Leave out every line before the one that contains "Diseased areas of". Please restate that line and the rest of the data word for word, through the end.

Stored items:
=== Section Start ===

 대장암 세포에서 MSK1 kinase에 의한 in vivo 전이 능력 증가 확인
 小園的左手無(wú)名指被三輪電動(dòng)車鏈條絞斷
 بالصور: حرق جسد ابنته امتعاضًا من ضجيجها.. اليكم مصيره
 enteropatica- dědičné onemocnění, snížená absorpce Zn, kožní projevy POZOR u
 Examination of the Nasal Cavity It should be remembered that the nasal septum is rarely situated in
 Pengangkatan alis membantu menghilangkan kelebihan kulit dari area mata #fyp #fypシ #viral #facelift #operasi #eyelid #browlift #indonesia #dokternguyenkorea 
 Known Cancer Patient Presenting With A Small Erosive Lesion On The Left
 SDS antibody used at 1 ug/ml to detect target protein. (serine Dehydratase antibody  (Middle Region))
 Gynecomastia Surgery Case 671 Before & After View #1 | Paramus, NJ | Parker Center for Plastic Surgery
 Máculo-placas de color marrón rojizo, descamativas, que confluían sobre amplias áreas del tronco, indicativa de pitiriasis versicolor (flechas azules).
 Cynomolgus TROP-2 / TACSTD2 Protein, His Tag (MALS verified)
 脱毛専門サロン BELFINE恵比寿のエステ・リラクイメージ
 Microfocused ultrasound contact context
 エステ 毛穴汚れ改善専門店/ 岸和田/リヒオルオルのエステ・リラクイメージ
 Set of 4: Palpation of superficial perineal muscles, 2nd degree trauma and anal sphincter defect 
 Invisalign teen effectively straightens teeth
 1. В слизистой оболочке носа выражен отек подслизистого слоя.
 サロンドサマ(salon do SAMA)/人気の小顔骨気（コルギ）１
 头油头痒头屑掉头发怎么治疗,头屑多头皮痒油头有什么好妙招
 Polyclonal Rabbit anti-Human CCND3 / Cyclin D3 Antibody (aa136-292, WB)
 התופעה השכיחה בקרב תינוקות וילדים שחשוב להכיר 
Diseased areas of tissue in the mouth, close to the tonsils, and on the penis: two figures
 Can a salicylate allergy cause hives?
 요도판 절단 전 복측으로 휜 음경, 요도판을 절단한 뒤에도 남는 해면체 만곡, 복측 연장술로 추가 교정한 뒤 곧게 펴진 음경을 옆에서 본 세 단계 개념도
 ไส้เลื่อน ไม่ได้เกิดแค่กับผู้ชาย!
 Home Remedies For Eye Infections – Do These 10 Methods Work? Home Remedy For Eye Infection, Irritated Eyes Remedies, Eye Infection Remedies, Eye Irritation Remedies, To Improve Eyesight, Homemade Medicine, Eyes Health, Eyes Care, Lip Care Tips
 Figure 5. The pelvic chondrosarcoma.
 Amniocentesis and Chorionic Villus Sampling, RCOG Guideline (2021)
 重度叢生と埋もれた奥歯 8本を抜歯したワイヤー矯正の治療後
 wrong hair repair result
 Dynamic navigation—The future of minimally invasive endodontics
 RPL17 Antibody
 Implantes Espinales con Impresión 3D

=== Section End ===

**Your solution:**
Diseased areas of tissue in the mouth, close to the tonsils, and on the penis: two figures
 Can a salicylate allergy cause hives?
 요도판 절단 전 복측으로 휜 음경, 요도판을 절단한 뒤에도 남는 해면체 만곡, 복측 연장술로 추가 교정한 뒤 곧게 펴진 음경을 옆에서 본 세 단계 개념도
 ไส้เลื่อน ไม่ได้เกิดแค่กับผู้ชาย!
 Home Remedies For Eye Infections – Do These 10 Methods Work? Home Remedy For Eye Infection, Irritated Eyes Remedies, Eye Infection Remedies, Eye Irritation Remedies, To Improve Eyesight, Homemade Medicine, Eyes Health, Eyes Care, Lip Care Tips
 Figure 5. The pelvic chondrosarcoma.
 Amniocentesis and Chorionic Villus Sampling, RCOG Guideline (2021)
 重度叢生と埋もれた奥歯 8本を抜歯したワイヤー矯正の治療後
 wrong hair repair result
 Dynamic navigation—The future of minimally invasive endodontics
 RPL17 Antibody
 Implantes Espinales con Impresión 3D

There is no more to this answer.